Infine, non può neppure ipotizzarsi un contrasto tra la lex specialis e il capitolato prestazionale, atteso che, come detto, le norme del medesimo capitolato sono richiamate ad integrazione del disciplinare, e il mancato rispetto delle stesse è sanzionato con la esclusione (punto 5, d. 1. e .d.2)
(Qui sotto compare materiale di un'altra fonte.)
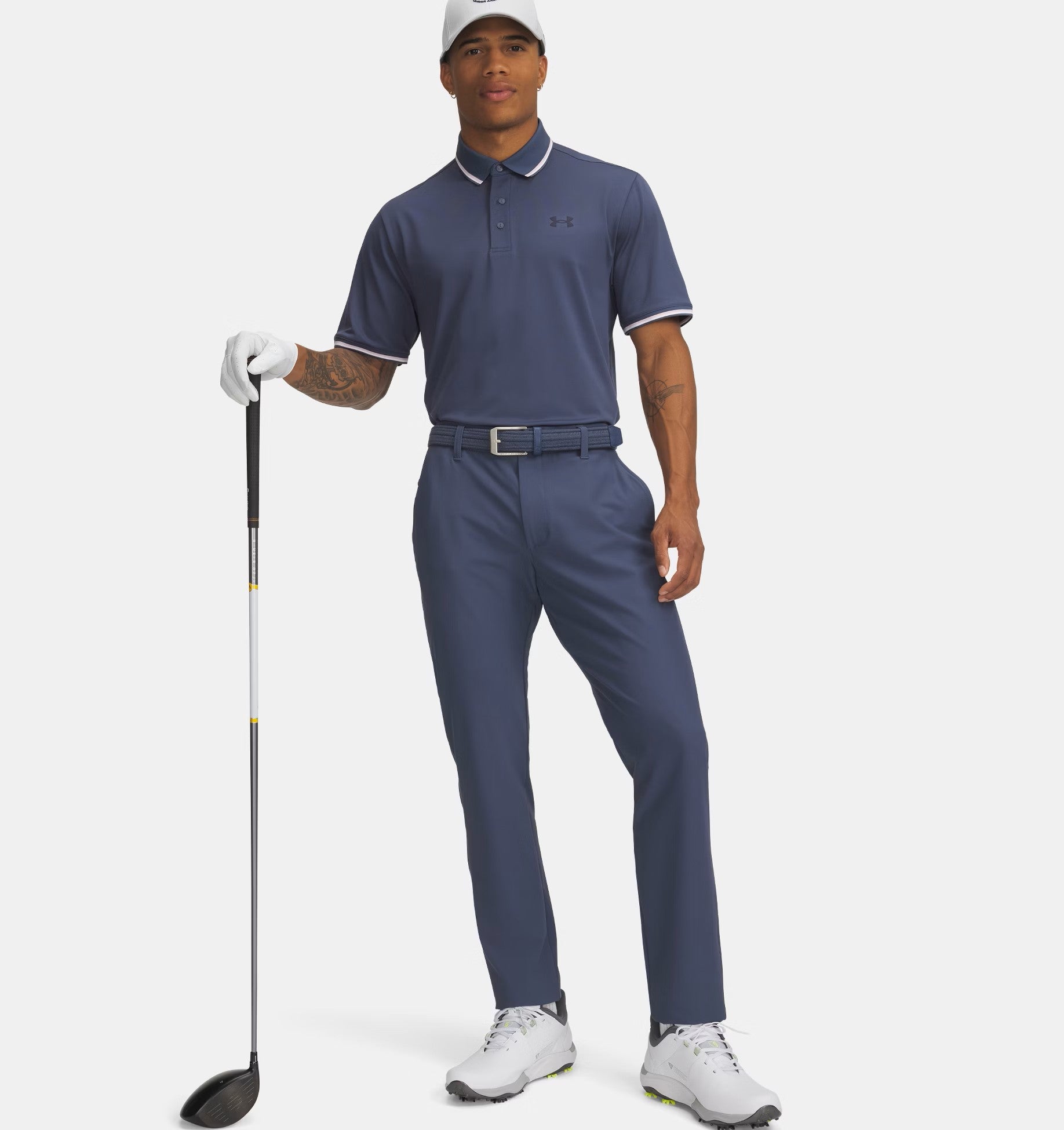Mens Playoff Rib Golf Polo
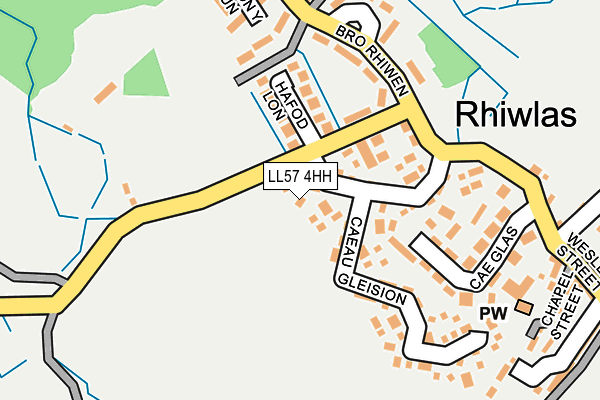 LL57 4HH map - OS OpenMap – Local (Ordnance Survey)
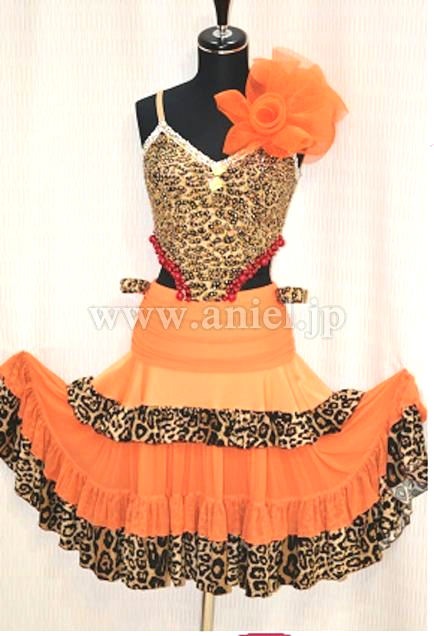 L1935・豹柄&オレンジ色
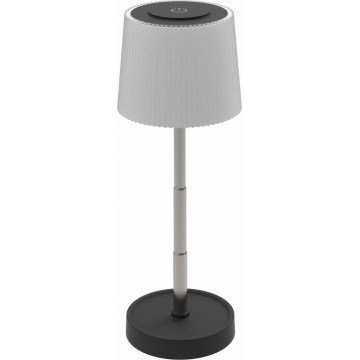 LED Dimbare oplaadbare buitentafellamp LED/2W/5V IP44 1200 mAh grijs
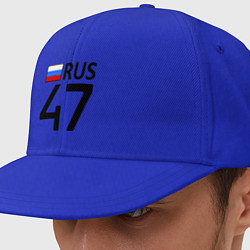 Кепка-снепбек RUS 47, цвет: синий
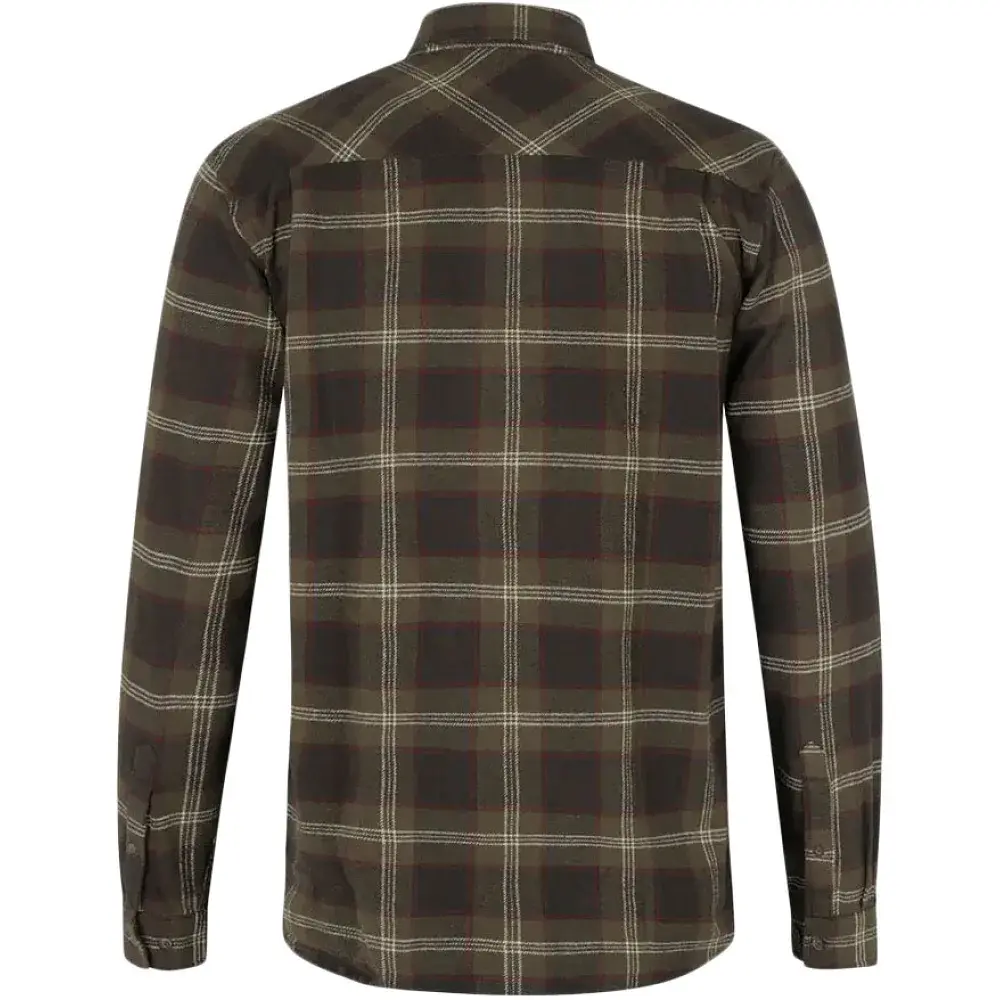 Рубашкa Seeland Glen Flannel Shirt XL Pine green check - фото 2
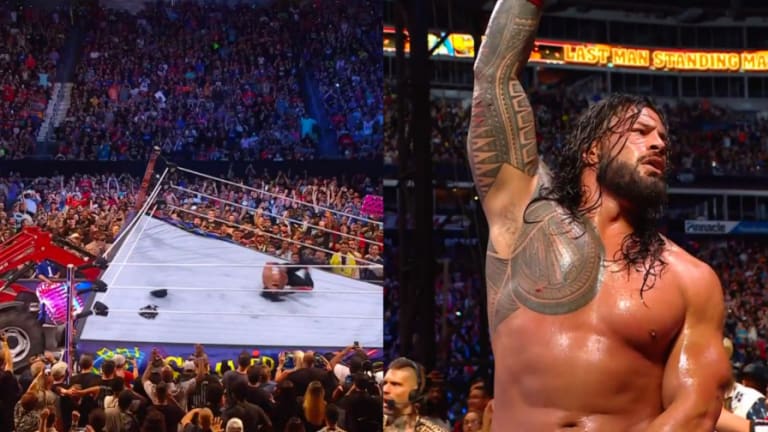 WWE SummerSlam results: Ring gets destroyed during Roman Reigns vs. Brock Lesnar main event
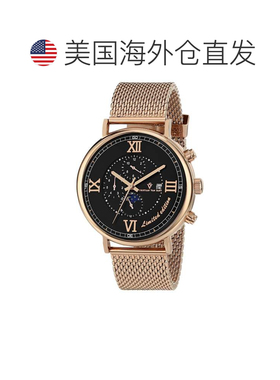 自营Christian Van Sant Men's Somptueuse LTD Black Round 46mm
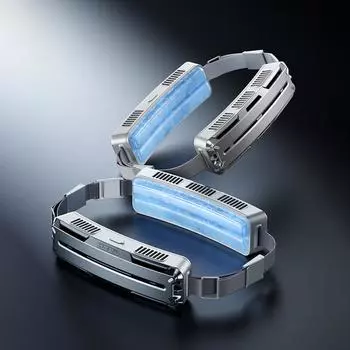 2025 Новый вентилятор Ice Belt Fan Умный портативный подвесной вентилятор на талии 5000 мАч носимый персональный вентилятор регулируемый уличный спортивный охлаждающий небольшой вентилятор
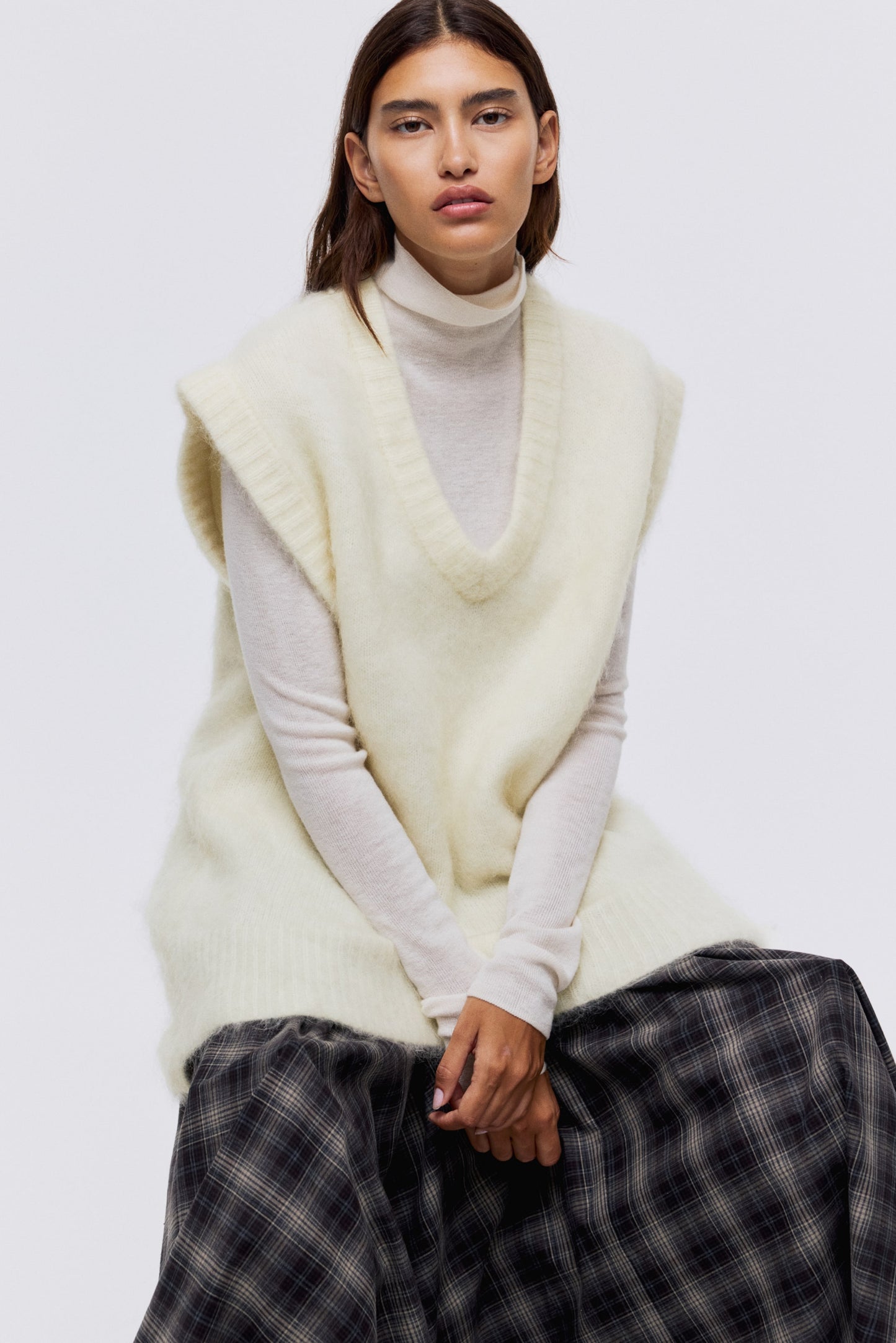 Mohair-blend sweater vest
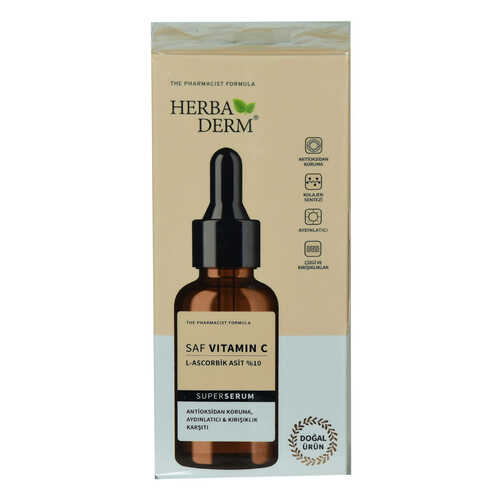 Superserum Saf Vitamin C Antioksidant Aydınlatıcı Kırışıklık Karşıtı Doğal Yüz Serumu 30 ML - 1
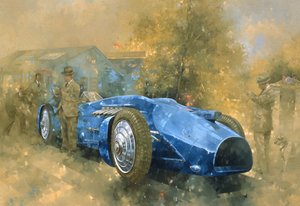 Bluebird at Brooklands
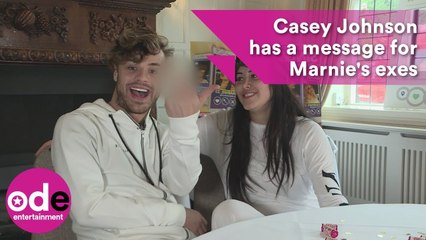 Casey Johnson has a message for Marnie Simpson's exes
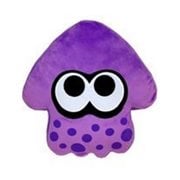 Splatoon Purple Squid Pillow Plush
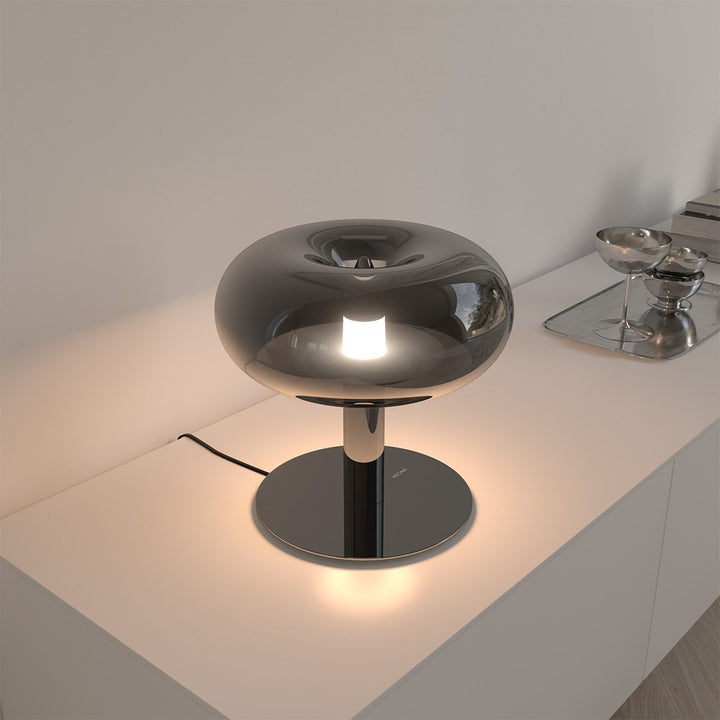 Stolní Lampa LED Retro Kov Sklo Dotyková Stmívatelná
Né può assumere rilievo, come invece ritiene l’appellante, il principio ermeneutico del favor partecipationis che conduce a preferire la partecipazione del maggior numero possibile di aspiranti, al fine di consentire, nell’interesse pubblico, una selezione più accurata tra un ventaglio più ampio di offerte, poiché tale principio è applicabile solo quando sussista un’effettiva incertezza interpretativa delle clausole e che si tratti di adempimenti di carattere meramente formale, mentre nella fattispecie in esame la prescritta produzione documentale attiene al contenuto sostanziale dell’offerta tecnica quale elemento appunto sostanziale del progetto proposto, oggetto, come già sottolineato, di clausole prive di ambiguità.
Pertanto, alla luce delle predette argomentazioni, l’appello deve essere respinto, in quanto infondato.
Le spese di lite del presente grado di giudizio, liquidate in dispositivo, seguono la soccombenza.
 

P.Q.M.
 

Il Consiglio di Stato in sede giurisdizionale (Sezione Quinta),
definitivamente pronunciando sull’appello come in epigrafe proposto, lo respinge, confermando per l’effetto la sentenza impugnata.
Condanna parte appellante alla rifusione delle spese del presente grado di giudizio, spese che liquida in euro 5000,00, oltre accessori di legge, in favore della parte costituita in appello.
Ordina che la presente sentenza sia eseguita dall'autorità amministrativa.